**Listed entries**

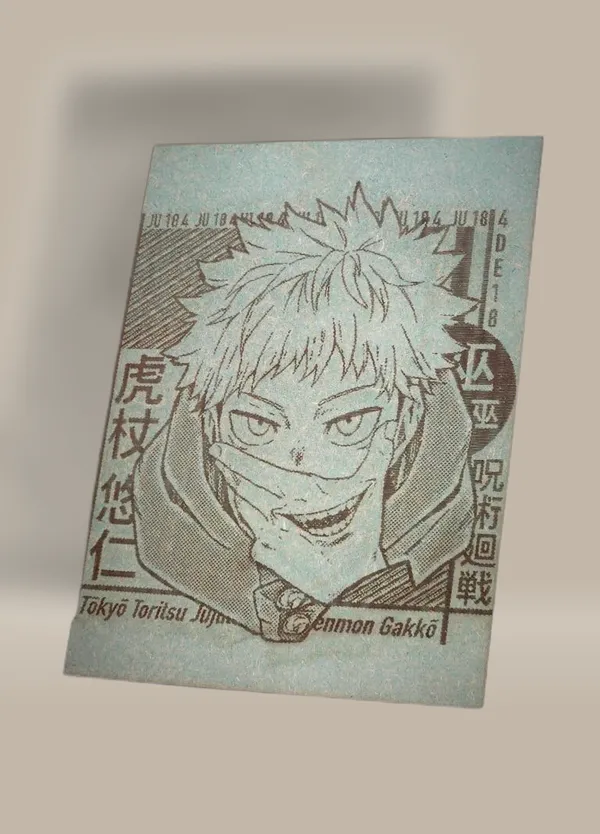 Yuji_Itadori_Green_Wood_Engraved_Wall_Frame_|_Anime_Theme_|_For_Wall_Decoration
* * *
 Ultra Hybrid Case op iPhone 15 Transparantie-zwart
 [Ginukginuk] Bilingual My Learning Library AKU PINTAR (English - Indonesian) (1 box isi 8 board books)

**Goal of the exercise**
The required output is every line above from the one with "Ultra Hybrid Case" down to the one with "[Ginukginuk] Bilingual My", restated word for word, ends included.

**Solution for this problem**
 Ultra Hybrid Case op iPhone 15 Transparantie-zwart
 [Ginukginuk] Bilingual My Learning Library AKU PINTAR (English - Indonesian) (1 box isi 8 board books)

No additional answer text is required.